For engineering purposes, the wind gradient is modeled as a simple shear exhibiting a vertical velocity profile varying according to a power law with a constant exponential coefficient based on surface type. The height above ground where surface friction has a negligible effect on wind speed is called the "gradient height" and the wind speed above this height is assumed to be a constant called the "gradient wind speed". For example, typical values for the predicted gradient height are 457 m for large cities, 366 m for suburbs, 274 m for open terrain, and 213 m for open sea.
Although the power law exponent approximation is convenient, it has no theoretical basis. When the temperature profile is adiabatic, the wind speed should vary logarithmically with height, Measurements over open terrain in 1961 showed good agreement with the logarithmic fit up to 100 m or so (within the surface layer), with near constant average wind speed up through 1000 m.
The shearing of the wind is usually three-dimensional, that is, there is also a change in direction between the 'free' pressure-driven geostrophic wind and the wind close to the ground. This is related to the Ekman spiral effect. The cross-isobar angle of the diverted ageostrophic flow near the surface ranges from 10° over open water, to 30° over rough hilly terrain, and can increase to 40°-50° over land at night when the wind speed is very low.

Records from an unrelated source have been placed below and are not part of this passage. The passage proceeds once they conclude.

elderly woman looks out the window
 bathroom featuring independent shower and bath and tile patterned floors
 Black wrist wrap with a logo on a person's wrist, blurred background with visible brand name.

After sundown the wind gradient near the surface increases, with the increasing stability. Atmospheric stability occurring at night with radiative cooling tends to contain turbulent eddies vertically, increasing the wind gradient. The magnitude of the wind gradient is largely influenced by the height of the convective boundary layer and this effect is even larger over the sea, where there is no diurnal variation of the height of the boundary layer as there is over land. In the convective boundary layer, strong mixing diminishes vertical wind gradient.
Layers within PBL
As Navier–Stokes equations suggest, the planetary boundary layer turbulence is produced in the layer with the largest velocity gradients that is at the very surface proximity. This layer – conventionally called a surface layer – constitutes about 10% of the total PBL depth. Above the surface layer the PBL turbulence gradually dissipates, losing its kinetic energy to friction as well as converting the kinetic to potential energy in a density stratified flow. The balance between the rate of the turbulent kinetic energy production and its dissipation determines the planetary boundary layer depth. The PBL depth varies broadly. At a given wind speed, e.g. 8 m/s, and so at a given rate of the turbulence production, a PBL in wintertime Arctic could be as shallow as 50 m, a nocturnal PBL in mid-latitudes could be typically 300 m in thickness, and a tropical PBL in the trade-wind zone could grow to its full theoretical depth of 2000 m.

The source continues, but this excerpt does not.